Random walks and diameter of finite scale-free networks

Dynamical scalings for the end-to-end distance $R_{ee}$ and the number of distinct visited nodes $N_v$ of random walks (RWs) on finite scale-free networks (SFNs) are studied numerically. $\left< R_{ee} \right>$ shows the dynamical scaling behavior $\left<R_{ee}({\bar \ell},t)\right>= \bar{\ell}^\alpha (\gamma, N) g(t/\bar{\ell}^z)$, where $\bar{\ell}$ is the average minimum distance between all possible pairs of nodes in the network, $N$ is the number of nodes, $\gamma$ is the degree exponent of the SFN and $t$ is the step number of RWs.
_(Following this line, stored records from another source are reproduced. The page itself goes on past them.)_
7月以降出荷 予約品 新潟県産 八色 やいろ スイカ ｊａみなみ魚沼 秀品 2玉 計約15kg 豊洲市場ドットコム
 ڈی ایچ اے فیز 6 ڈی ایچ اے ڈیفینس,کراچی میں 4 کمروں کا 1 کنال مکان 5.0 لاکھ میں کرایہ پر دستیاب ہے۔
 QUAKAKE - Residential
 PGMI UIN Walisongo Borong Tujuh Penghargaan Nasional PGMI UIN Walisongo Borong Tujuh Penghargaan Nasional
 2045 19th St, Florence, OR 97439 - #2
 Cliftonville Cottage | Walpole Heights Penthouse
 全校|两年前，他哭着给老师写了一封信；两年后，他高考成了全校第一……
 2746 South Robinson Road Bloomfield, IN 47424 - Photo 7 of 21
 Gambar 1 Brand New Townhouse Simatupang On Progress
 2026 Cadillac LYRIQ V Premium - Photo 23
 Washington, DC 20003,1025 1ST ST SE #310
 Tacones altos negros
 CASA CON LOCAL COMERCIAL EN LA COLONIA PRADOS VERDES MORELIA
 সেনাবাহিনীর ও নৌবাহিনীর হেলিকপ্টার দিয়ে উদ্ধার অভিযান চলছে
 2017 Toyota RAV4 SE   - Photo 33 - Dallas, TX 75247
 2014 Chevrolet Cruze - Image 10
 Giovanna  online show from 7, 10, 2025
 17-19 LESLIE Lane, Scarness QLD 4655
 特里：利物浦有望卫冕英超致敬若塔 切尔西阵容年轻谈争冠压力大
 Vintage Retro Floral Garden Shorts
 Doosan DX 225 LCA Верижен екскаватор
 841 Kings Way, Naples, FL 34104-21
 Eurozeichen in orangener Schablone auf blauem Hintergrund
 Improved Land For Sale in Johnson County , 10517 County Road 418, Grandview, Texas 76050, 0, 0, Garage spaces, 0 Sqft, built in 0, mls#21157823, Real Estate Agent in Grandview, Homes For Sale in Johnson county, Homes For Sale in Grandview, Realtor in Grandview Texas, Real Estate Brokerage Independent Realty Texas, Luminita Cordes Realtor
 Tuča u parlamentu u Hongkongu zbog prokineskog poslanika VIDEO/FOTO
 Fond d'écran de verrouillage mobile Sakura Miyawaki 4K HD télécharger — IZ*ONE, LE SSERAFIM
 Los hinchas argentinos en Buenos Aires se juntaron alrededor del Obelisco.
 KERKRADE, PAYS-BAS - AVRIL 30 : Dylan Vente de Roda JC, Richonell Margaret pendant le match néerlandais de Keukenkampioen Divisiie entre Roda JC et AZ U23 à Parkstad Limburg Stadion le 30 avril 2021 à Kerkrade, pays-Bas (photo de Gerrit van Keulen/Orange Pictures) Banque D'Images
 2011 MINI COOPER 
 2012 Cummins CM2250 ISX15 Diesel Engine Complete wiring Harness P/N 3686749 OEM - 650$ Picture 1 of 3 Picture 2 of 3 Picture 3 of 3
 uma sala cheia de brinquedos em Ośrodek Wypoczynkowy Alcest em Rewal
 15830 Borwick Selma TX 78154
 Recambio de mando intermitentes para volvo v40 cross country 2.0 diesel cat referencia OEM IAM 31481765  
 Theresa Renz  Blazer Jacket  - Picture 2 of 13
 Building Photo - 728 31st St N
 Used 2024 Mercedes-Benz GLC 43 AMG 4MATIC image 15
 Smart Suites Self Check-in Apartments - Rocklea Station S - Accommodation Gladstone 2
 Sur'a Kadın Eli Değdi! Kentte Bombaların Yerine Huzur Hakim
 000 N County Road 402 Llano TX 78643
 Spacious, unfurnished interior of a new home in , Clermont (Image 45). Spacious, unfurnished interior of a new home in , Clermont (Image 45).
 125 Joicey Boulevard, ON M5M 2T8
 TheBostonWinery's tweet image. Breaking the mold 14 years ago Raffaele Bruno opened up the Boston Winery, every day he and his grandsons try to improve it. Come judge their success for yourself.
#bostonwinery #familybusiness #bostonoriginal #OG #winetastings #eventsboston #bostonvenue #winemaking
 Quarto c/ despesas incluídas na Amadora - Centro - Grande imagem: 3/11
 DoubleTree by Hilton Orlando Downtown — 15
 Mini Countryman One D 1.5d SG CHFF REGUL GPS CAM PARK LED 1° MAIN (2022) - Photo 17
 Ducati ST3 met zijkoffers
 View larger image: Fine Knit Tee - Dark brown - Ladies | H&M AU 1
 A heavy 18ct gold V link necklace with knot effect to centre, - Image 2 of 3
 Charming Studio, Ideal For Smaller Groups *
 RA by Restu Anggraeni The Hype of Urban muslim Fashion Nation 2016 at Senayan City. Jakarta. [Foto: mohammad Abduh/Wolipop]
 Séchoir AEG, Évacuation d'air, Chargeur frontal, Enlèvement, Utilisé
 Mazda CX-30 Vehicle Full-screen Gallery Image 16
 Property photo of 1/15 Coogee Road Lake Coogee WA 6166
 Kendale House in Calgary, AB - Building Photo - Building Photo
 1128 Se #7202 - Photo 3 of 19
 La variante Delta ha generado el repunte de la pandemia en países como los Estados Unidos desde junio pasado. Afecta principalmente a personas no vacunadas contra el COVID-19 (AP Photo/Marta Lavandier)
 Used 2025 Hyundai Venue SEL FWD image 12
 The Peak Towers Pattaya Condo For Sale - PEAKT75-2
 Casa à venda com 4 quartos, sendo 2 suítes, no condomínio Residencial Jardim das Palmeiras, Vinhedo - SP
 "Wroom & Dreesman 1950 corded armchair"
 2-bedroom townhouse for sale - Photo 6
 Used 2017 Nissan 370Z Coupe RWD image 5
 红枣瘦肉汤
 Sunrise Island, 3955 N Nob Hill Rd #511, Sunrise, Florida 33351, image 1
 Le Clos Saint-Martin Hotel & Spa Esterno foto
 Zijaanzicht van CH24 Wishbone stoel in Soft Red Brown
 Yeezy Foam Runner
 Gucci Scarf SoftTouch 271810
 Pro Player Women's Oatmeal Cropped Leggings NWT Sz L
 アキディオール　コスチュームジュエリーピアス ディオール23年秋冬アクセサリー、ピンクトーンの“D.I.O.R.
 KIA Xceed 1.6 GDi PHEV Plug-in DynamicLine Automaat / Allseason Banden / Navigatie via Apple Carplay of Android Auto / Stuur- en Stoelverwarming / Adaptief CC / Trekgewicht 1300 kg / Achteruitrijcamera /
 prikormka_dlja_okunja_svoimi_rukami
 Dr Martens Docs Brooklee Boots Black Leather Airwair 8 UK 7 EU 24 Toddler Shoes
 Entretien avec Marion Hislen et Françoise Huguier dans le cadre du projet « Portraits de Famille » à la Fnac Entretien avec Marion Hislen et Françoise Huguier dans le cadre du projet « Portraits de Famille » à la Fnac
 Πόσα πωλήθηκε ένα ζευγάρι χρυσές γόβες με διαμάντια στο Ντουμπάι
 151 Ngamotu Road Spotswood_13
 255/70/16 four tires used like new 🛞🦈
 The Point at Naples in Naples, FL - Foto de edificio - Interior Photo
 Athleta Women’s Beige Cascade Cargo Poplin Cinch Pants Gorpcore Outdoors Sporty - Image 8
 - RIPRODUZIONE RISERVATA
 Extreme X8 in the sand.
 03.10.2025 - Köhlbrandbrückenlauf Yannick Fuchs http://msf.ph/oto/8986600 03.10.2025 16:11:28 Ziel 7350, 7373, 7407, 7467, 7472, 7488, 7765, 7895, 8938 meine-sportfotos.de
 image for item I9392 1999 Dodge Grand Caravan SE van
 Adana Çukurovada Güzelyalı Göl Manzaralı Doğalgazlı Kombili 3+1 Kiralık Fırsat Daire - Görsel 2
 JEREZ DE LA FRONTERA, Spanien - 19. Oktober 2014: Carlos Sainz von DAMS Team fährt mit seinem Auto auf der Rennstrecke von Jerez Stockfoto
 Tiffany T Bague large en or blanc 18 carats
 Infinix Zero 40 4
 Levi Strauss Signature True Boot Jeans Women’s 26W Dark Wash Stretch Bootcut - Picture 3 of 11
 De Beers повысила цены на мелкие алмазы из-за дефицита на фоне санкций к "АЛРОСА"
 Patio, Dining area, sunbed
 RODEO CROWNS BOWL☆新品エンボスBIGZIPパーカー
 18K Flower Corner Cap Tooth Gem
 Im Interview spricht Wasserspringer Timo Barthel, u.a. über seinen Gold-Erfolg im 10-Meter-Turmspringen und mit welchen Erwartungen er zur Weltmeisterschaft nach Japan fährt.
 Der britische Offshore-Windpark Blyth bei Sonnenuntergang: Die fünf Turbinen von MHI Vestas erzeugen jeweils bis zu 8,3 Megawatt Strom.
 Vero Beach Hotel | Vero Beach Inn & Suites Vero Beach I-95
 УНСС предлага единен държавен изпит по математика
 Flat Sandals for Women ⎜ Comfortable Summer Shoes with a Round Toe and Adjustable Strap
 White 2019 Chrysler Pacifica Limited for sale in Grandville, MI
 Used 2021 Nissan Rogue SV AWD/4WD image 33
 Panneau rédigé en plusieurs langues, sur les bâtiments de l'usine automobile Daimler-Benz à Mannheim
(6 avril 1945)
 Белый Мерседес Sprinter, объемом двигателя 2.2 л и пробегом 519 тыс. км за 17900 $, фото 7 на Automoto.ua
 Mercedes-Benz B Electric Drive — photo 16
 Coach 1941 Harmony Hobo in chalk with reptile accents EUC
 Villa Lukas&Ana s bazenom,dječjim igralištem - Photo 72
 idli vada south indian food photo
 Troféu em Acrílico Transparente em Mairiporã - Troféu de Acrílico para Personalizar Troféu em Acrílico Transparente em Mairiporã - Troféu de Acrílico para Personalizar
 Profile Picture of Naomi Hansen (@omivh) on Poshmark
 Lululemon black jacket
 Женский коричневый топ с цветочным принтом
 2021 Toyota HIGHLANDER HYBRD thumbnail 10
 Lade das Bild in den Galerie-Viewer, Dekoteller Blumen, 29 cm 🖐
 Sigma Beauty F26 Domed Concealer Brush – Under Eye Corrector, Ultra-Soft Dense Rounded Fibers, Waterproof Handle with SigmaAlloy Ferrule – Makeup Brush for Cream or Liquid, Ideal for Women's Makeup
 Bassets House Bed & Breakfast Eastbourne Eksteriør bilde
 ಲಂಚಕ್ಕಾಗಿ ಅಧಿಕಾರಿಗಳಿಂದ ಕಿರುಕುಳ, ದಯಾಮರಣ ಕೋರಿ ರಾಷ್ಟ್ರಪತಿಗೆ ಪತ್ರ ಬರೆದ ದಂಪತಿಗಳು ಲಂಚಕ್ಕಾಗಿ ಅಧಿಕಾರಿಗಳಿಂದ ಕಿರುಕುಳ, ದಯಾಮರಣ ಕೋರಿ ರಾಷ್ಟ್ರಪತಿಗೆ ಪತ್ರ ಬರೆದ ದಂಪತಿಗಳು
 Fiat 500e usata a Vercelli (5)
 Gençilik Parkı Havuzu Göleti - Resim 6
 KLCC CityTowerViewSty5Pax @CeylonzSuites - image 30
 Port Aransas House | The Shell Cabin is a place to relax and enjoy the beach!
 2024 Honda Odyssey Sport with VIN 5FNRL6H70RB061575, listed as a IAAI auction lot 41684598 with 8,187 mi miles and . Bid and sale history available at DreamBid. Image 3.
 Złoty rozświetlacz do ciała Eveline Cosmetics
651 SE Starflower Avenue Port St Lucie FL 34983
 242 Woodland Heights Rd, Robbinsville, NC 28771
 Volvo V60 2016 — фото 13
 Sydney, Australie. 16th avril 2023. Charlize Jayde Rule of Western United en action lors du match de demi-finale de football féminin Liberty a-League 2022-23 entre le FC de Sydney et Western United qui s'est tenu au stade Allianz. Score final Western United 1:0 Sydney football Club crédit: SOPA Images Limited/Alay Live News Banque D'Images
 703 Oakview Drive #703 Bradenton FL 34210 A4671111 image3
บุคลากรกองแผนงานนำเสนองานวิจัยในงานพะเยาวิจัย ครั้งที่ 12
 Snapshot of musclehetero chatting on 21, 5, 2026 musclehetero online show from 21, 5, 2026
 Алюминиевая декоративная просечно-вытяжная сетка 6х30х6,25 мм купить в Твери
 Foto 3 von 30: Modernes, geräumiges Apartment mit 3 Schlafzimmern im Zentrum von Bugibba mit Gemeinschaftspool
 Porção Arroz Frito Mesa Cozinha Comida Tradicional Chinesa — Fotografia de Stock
Especially, $\left<R_{ee}({\bar \ell},t)\right>$ in the limit $t \to \infty$ satisfies the relation $\left< R_{ee} \right> \sim \bar{\ell}^\alpha \sim d^\alpha$, where $d$ is the diameter of network with $d ({\bar \ell}) \simeq \ln N$ for $\gamma \ge 3$ or $d ({\bar \ell}) \simeq \ln \ln N$ for $\gamma < 3$. Based on the scaling relation $\left< R_{ee} \right>$, we also find that the scaling behavior of the diameter of networks can be measured very efficiently by using RWs.